[Records from a data collection]
▬▬▬

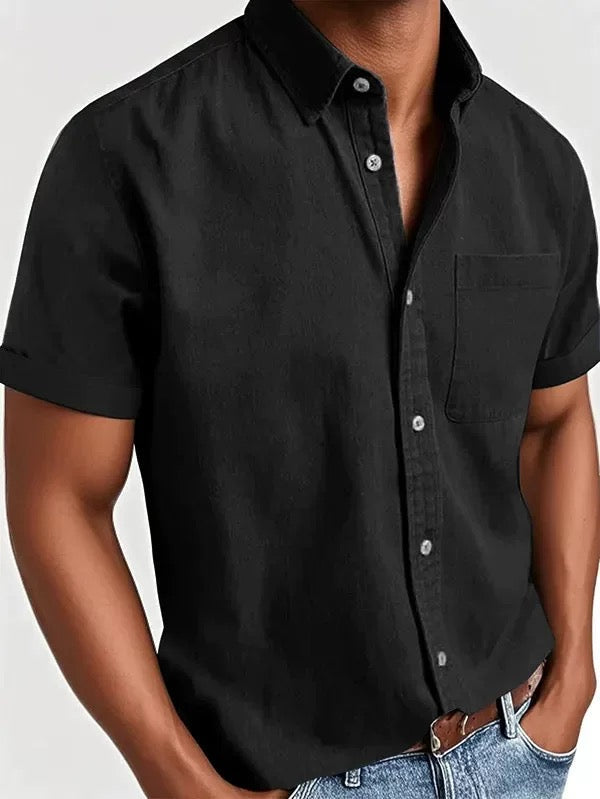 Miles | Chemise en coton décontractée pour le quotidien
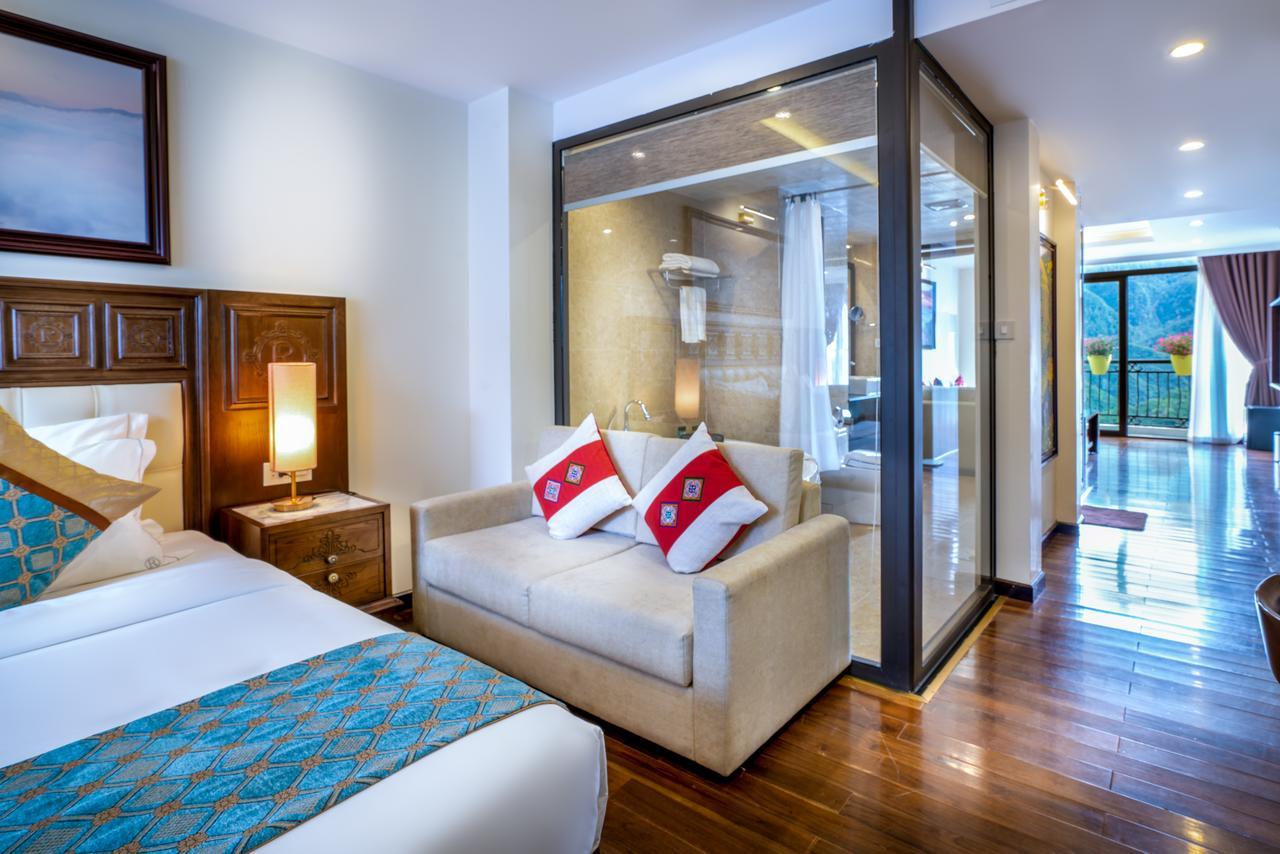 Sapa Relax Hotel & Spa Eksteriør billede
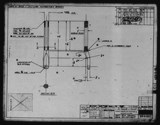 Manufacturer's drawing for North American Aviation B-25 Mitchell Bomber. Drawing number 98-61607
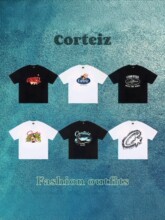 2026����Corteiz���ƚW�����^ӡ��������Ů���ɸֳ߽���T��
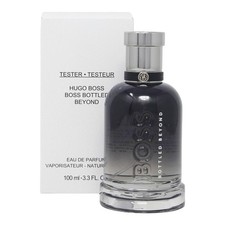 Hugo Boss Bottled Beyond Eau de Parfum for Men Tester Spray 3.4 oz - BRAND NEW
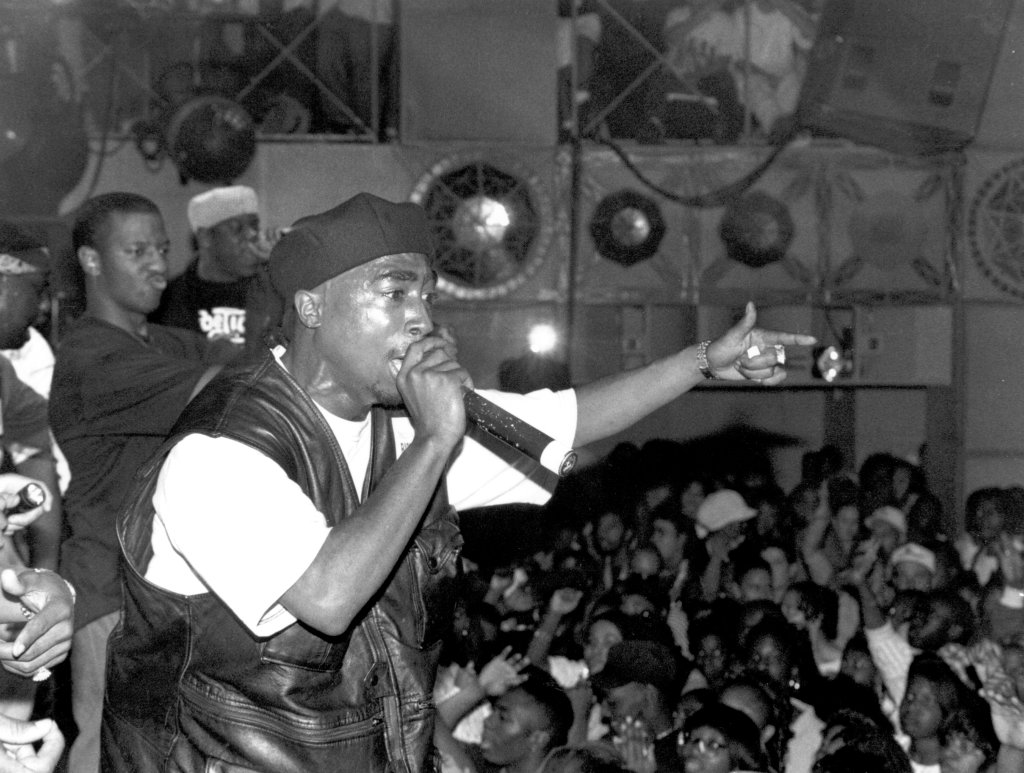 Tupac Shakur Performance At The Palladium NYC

▬▬▬

Task directions ->
The copy starts at the line holding "2026����Cortei" and ends at the last line of the records above. Transcribe those lines exactly, pictures excluded.

Reply ->
 2026����Corteiz���ƚW�����^ӡ��������Ů���ɸֳ߽���T��
 Hugo Boss Bottled Beyond Eau de Parfum for Men Tester Spray 3.4 oz - BRAND NEW
 Tupac Shakur Performance At The Palladium NYC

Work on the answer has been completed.